** Opening Data for this task block **
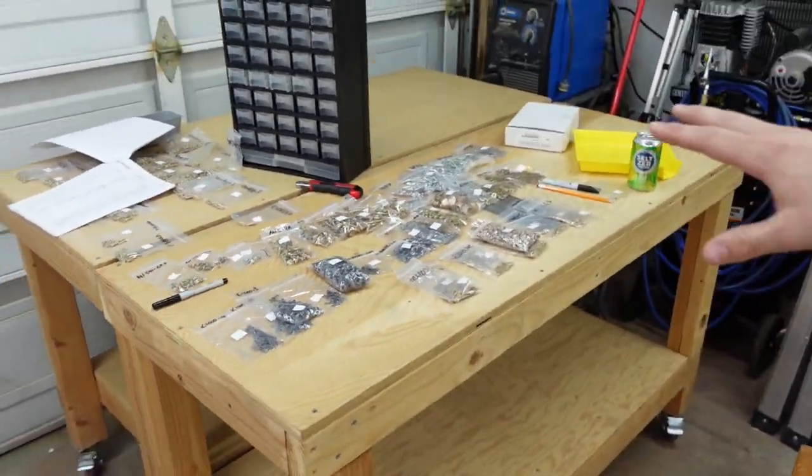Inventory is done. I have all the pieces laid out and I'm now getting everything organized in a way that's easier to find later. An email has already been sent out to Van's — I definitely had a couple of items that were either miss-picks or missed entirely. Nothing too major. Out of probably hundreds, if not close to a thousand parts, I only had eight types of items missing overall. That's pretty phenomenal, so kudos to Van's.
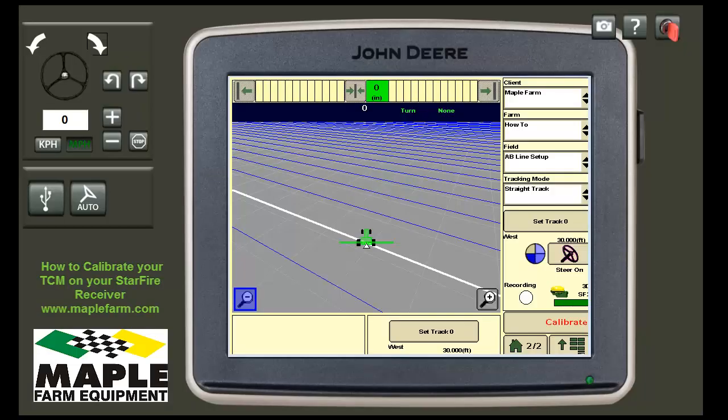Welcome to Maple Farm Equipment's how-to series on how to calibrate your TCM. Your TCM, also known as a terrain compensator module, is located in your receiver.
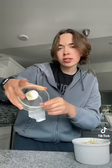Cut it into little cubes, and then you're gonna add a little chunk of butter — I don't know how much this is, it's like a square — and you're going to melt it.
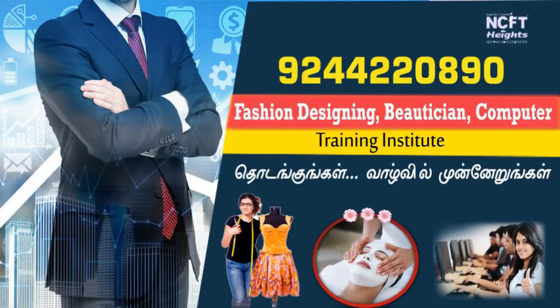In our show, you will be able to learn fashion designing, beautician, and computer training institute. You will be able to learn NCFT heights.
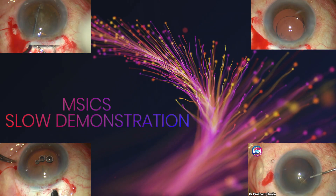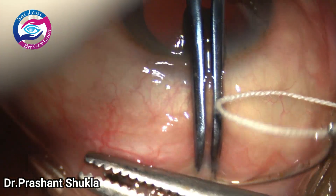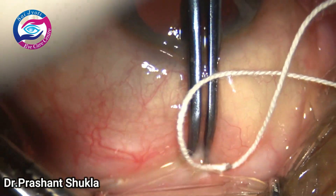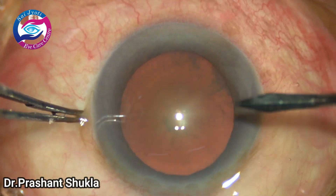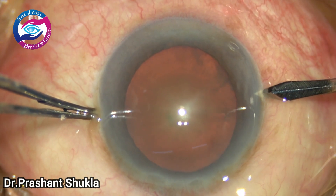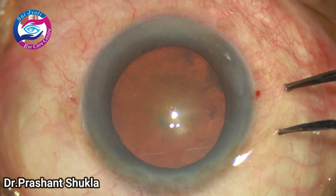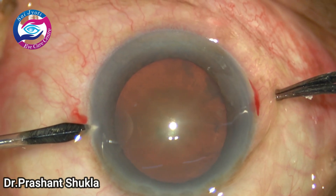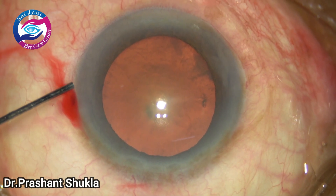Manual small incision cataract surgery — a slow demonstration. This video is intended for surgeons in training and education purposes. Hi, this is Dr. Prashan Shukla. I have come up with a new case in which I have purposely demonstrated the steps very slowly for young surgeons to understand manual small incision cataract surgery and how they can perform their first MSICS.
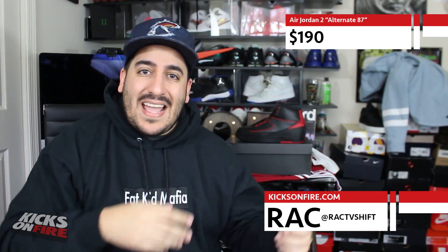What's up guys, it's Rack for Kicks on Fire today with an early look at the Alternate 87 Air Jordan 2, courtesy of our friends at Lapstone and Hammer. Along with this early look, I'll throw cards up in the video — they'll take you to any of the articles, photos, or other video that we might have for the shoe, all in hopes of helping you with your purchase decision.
** Closing Data for this task block **
● Requirement
Each line from the one holding "Cut it into" down to the end of the records is to be reproduced unaltered, and the pictures are to be omitted.

● Response
Cut it into little cubes, and then you're gonna add a little chunk of butter — I don't know how much this is, it's like a square — and you're going to melt it.
In our show, you will be able to learn fashion designing, beautician, and computer training institute. You will be able to learn NCFT heights.
Manual small incision cataract surgery — a slow demonstration. This video is intended for surgeons in training and education purposes. Hi, this is Dr. Prashan Shukla. I have come up with a new case in which I have purposely demonstrated the steps very slowly for young surgeons to understand manual small incision cataract surgery and how they can perform their first MSICS.
What's up guys, it's Rack for Kicks on Fire today with an early look at the Alternate 87 Air Jordan 2, courtesy of our friends at Lapstone and Hammer. Along with this early look, I'll throw cards up in the video — they'll take you to any of the articles, photos, or other video that we might have for the shoe, all in hopes of helping you with your purchase decision.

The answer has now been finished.